One company that approached me offered a policy that paid $50,000
the moment a person was diagnosed with cancer. The patient was
free to use this money however he or she chose. The patient could
go on a spending spree and throw parties or choose surgery or
whatever alternative the patient preferred. The insurance was
created to offer relief in a time of crisis, but there were absolutely
no strings attached to the use of the money.
Another insurance company asked me
to "create" a wellness clinic that would be more cost
effective. Cancer was, according to that executive, expensive.
A typical policy was capped at $2 million, but the average cost
of treatment for each cancer case was half a million; and in
contrast to the figures used by fund raising companies, the actuarial
department maintained that there was a zero percent cure rate
for cancer. Translated, this means that payments stop when the
lid is nailed on the coffin because no one diagnosed with cancer
is ever pronounced as sufficiently cured to stop making claims
against the insurer.
If less expensive and more effective
means for treatment existed, the company wanted to explore the
possibilities. What happened instead is so diabolical that I
dare not print it. Suffice it to say that the quest for more
cost effective options was terminated from above.

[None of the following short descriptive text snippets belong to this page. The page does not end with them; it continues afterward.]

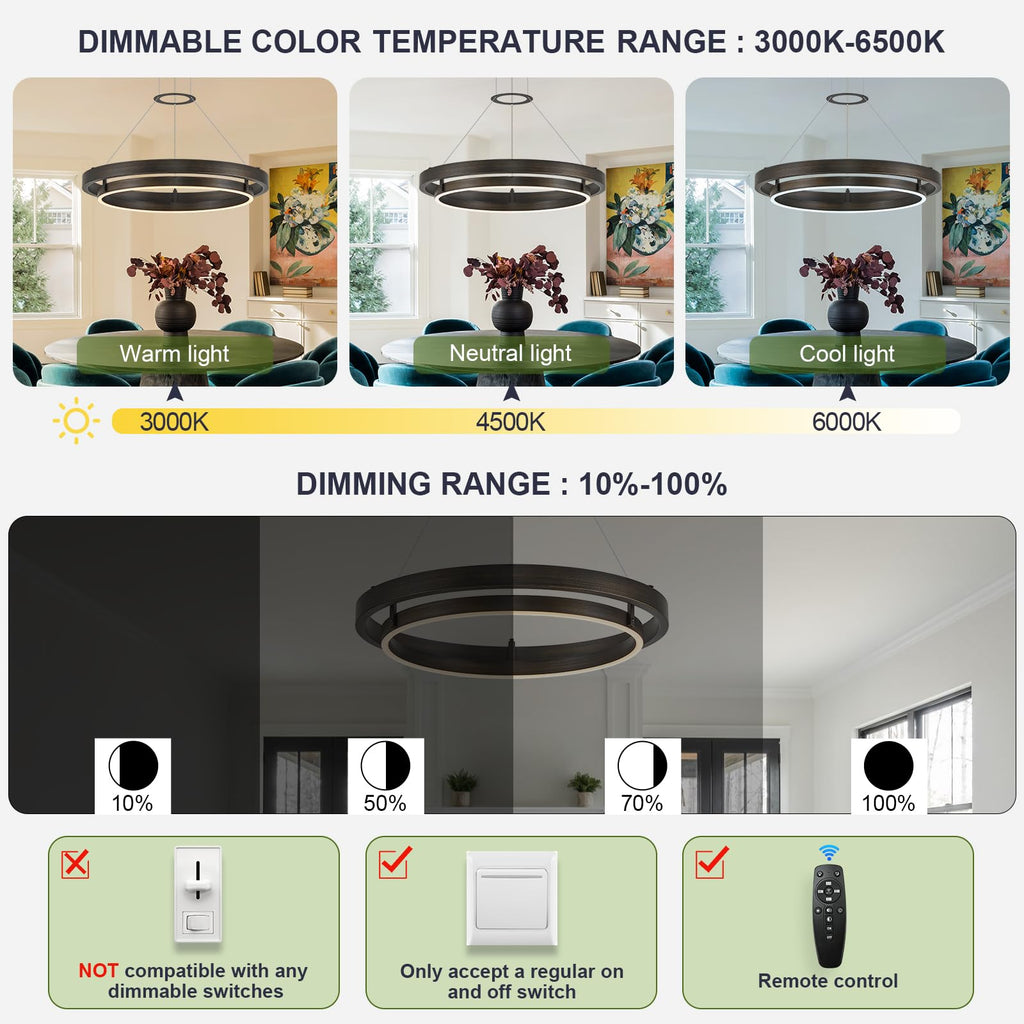 LED Ring Chandelier Vintage Brown Dimmable Circular LED Pendant Light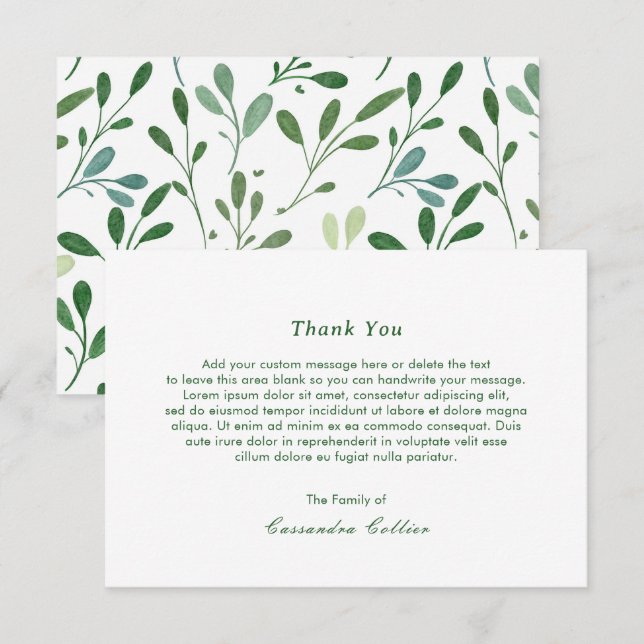 Greenery Mönster Modern Funeral Tack Kort (Fram/baksida)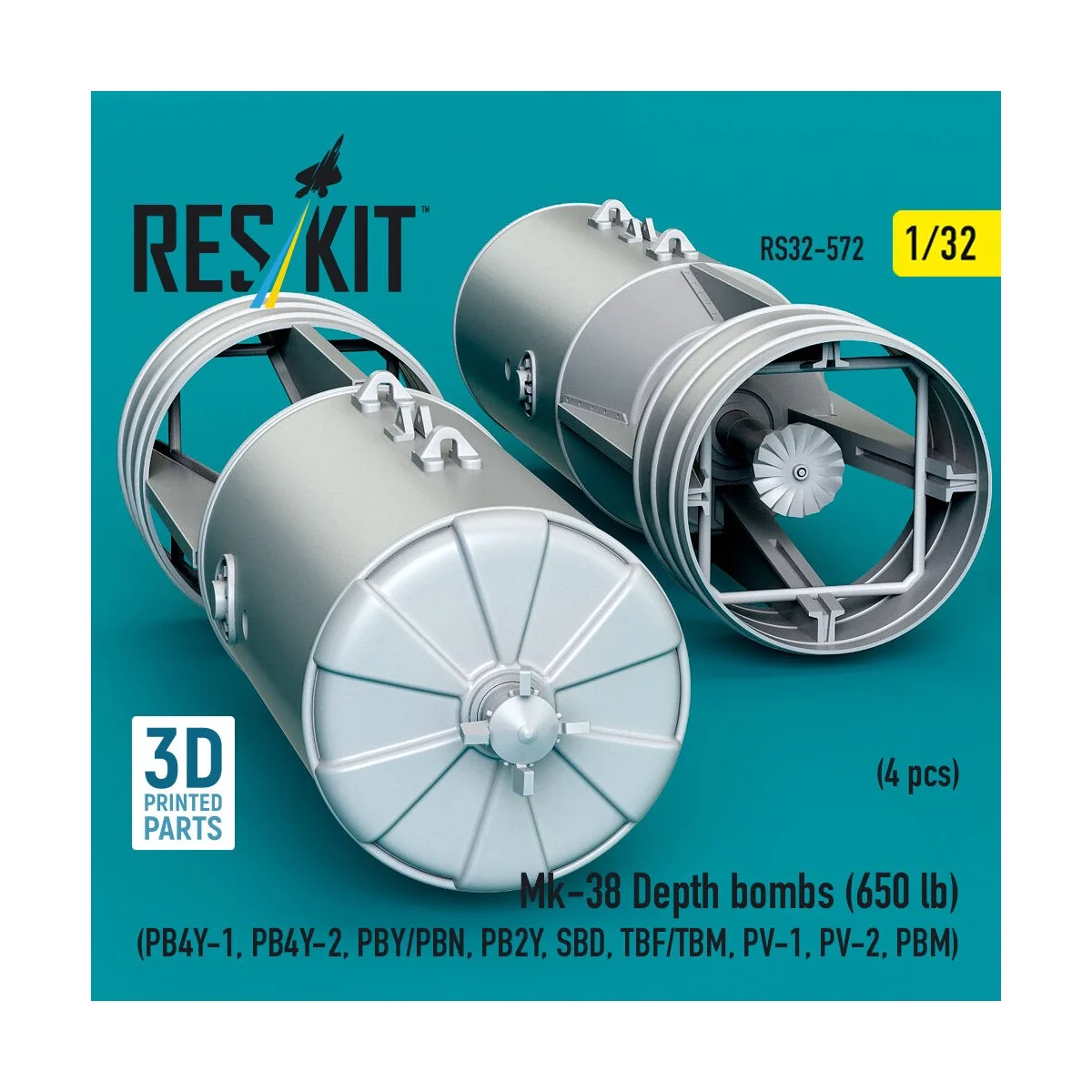 Mk-38 Depth bombs (650 lb) (4 pcs) (PB4Y-1, PB4Y-2, PBY/PBN, PB2Y, ...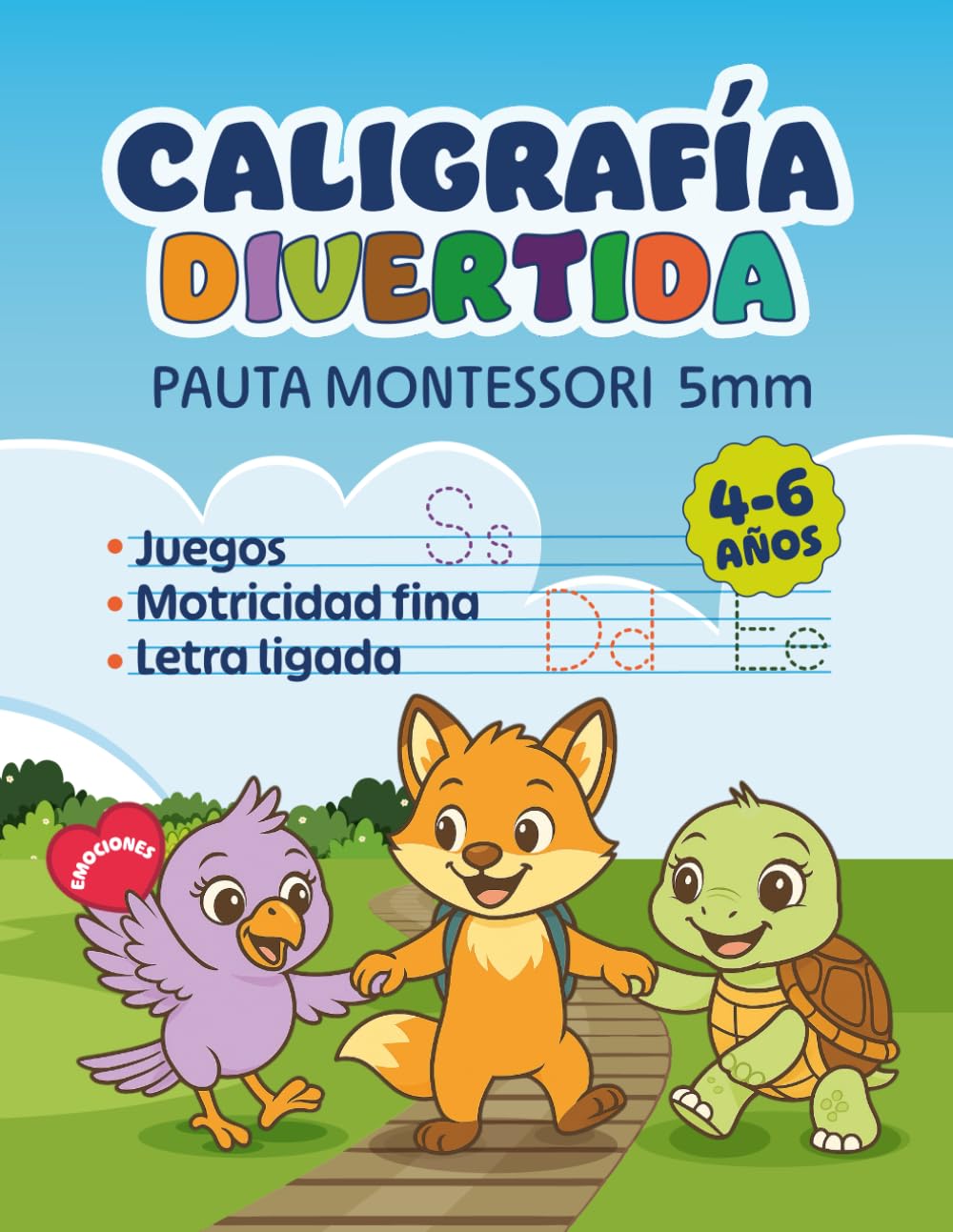 Libro: CALIGRAFÍA DIVERTIDA PARA NIÑOS 4-6 AÑOS: Libro para disfrutar de aprender a escribir en letra ligada con juegos y actividades que refuerzan la ... la pauta Montessori 5 mm (Spanish Edition)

What I want to say is that if
we are serious about health care, we have to look at the various
modalities of care that are offered, most of them by licensed
practitioners. If we recognize the systems of medicine practiced
by medical doctors, chiropractors, acupuncturists, and naturopaths,
then we also have to accept the methods of healing and approaches
to disease used by these professionals. If we accept the validity
of their work, then we have to cover their cures and treatments
to the same degree that conventional medical protocols are
covered. If such work is covered, then why not give the patient
the freedom to choose what he or she wants? This would be the
crown of an enlightened health care system: universal coverage
and choice of modalities by the patient!